Окский питомник – хозяйство большое. Здесь представлены все семь видов журавлей, которые встречаются на территории России. Даурский, японский и черный, так же как и стерх, занесены в Международную Красную Книгу. А, скажем, серому журавлю исчезновение пока не грозит, на Рязанской стороне этих птиц можно увидеть не только в вольере.
К птенцовому блоку, где выращивают стершат, чтобы затем выпустить их на волю, посторонних не подпускают. Зато показательный комплекс всегда рад гостям. Здесь проводят экскурсии, знакомя посетителей с представителями каждого вида журавлей.
Некоторые птицы к людям привыкли, но многим трудно все время быть на виду. Они не в состоянии насиживать яйца, если в любую минуту их могут побеспокоить. Поэтому в заповеднике выстроен еще один вольерный комплекс – там, где посетители не появляются. Сотрудники добираются до него на тряском работяге-грузовичке.
Я сижу в кабине рядом с Татьяной Анатольевной, придерживая на коленях тазик с приготовленным на кухоньке кормом. Еще пара сотрудников пристроилась в кузове. Грузовичок резво подпрыгивает на кочках. Без костюма с капюшоном и сетки, закрывающей лицо, чувствую себя странно: привыкла уже притворяться стершихой. Татьяна Анатольевна улыбается:
– Сейчас посмотрите, как воспитывают птенцов настоящие журавли. Поучитесь.
Маскировка здесь не нужна, этим крошкам с дельтапланом не летать. Журавлята подрастают под присмотром своих привыкших к неволе родителей. Некоторые из них попадут потом в зоопарки и другие питомники. Но даже в тесном пространстве вольеры жизнь журавлиной семьи строится по тем же законам, что и в дикой природе. И наблюдать за их отношениями очень интересно.
Объединившись в пару, журавли хранят верность друг другу всю жизнь. Вместе строят гнездо, вместе воспитывают птенцов. Даже яйца высиживают по очереди!
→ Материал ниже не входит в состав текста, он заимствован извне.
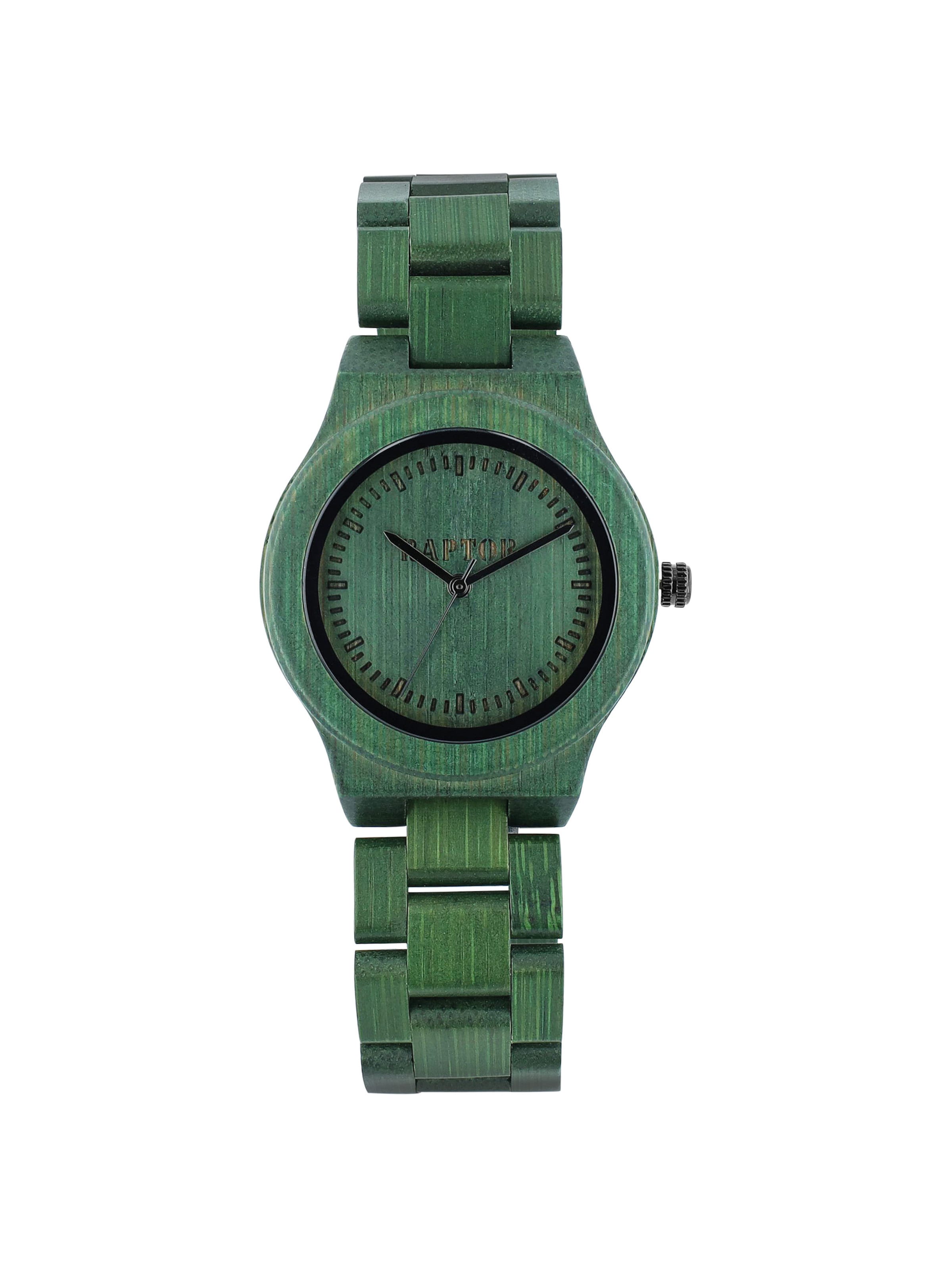 Raptor Analog Watch 'Raina, silberfarbig, Mineralglas' in Green: front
– Но мамы все-таки управляются с малышами более ловко, – вздыхает Татьяна Анатольевна. – Помню такую сценку. Японские журавли Томь и Урин жили в показательном блоке, и гнездо построили в помещении, подальше от любопытных глаз. Птенец вылупился в тот момент, когда на яйцах дежурил отец. А дверку случайно захлопнуло ветром, и самка осталась на улице! Птенец перевернулся на спинку, барахтается беспомощно, встать не может. Урин растерялся, что с ним делать – не знает. Кричит, самку зовет, а ей, бедной, к гнезду не попасть! Слышу я: в вольере переполох. Ну, думаю, беда стряслась. Прибежала, открыла дверь. Подскакивает Томь к птенцу, поворачивает клювом и смотрит на Урина, очень выразительно: что, папаша, с такой ерундой справиться не мог?
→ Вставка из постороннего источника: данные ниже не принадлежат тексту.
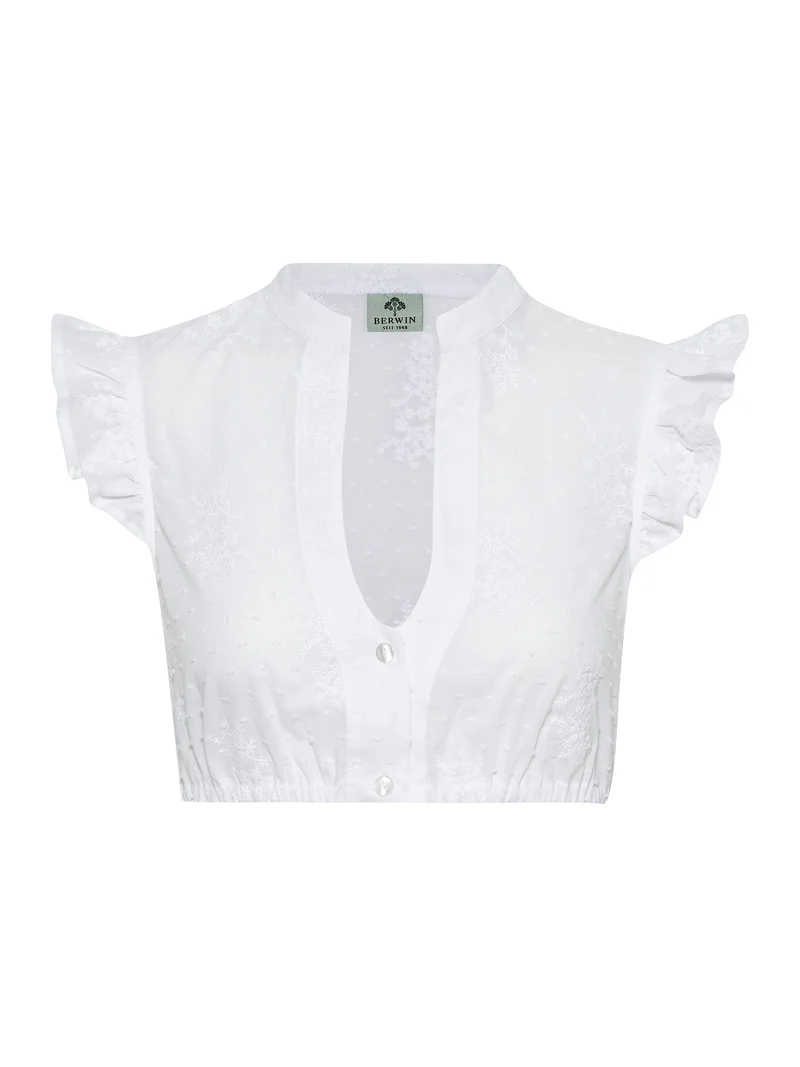 Bestickte Stehkragenbluse mit kurzem Arm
Японские журавли Томь и Урин
Птенец Томи и Урина
Все смеются. Грузовичок тормозит: приехали, пора выходить. Навстречу несутся встревоженные журавлиные голоса. Неприятные голоса, не мелодичные. Напоминают скрип ржавых качелей. Ну, не всем же быть соловьями…
Заходим в блок. В центре расположена небольшая хозяйственная комната. Стол, раковина, ведра, инструменты… Далее по кругу идут помещения, где содержатся птицы. Живут они парами. И в каждой такой «семейной квартире» есть маленькая дверца, ведущая наружу, в уличную часть принадлежащей паре вольеры.
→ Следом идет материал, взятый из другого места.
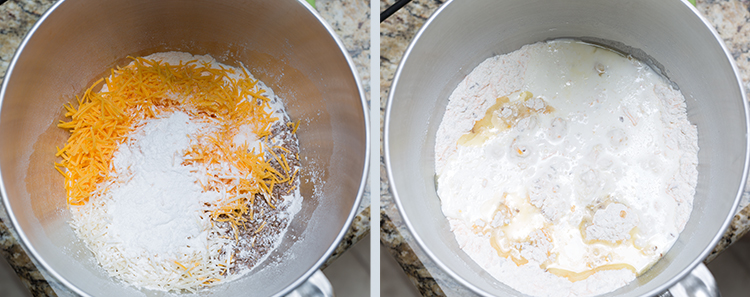 Cheesy Cassava Rolls: Making the batter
На дверях помещений таблички с именами жильцов. «Куноват, Вальсроде», – читаю я с любопытством.
– У этой пары сейчас два яйца. Нужно взвесить, – деловито командует Татьяна Анатольевна.
Журавли яйца отдавать не хотят. Биологам приходится действовать сообща: воинственных родителей с трудом оттесняют в помещение, запирают ведущую на улицу дверку. Путь свободен.
Теплое солнышко освещает опустевшее соломенное гнездо. Татьяна Анатольевна аккуратно берет драгоценные яйца и по очереди прижимает к уху. Потом протягивает одно мне:
– Это старшее. Послушайте.
Яйцо очень теплое. Хотя, чему удивляюсь: не зря же птицы его насиживали. Послушно прислушиваюсь. И с изумлением понимаю: яйцо пищит! Потрясающее ощущение. Все равно как если бы в моих руках вдруг зачирикал помидор, или запел огурец – словом, то, что я, жительница города, привыкла доставать из холодильника и готовить на завтрак. Магазинные яйца не пищат…
– Ему двадцать семь дней, – говорит Татьяна Анатольевна, – через пару суток птенец должен вылупиться.
«Младшему» яйцу звучать пока рано, ему от роду только двадцать пять дней. Биологи производят измерения. Вес, диаметр: большой и малый. Затем достают овоскоп – специальный прибор, позволяющий увидеть, что происходит под скорлупой. Его название так и переводится: «ово» – яйцо, «скоп» – смотреть, просвечивать.
Журавли за стеной надрывно кричат. Мне их жалко.
Наконец, исследования завершены. Яйца аккуратно возвращают на место, отворяют запертую дверку.
Медленно, замирая от волнения, Вальсроде приближается к гнезду. Топчется рядом. Трогает яйца клювом. Начинает с ними разговаривать, очень мягко: «Трю, трю!» Ножки птицы подкашиваются, она опускается на гнездо, и видно: такое в этот момент испытывает счастье!
Как бы мне хотелось, чтобы эти прекрасные птицы прилетали свободно в родные края, строили гнезда, растили своих малышей… И не опасались, что мы, люди, можем их погубить.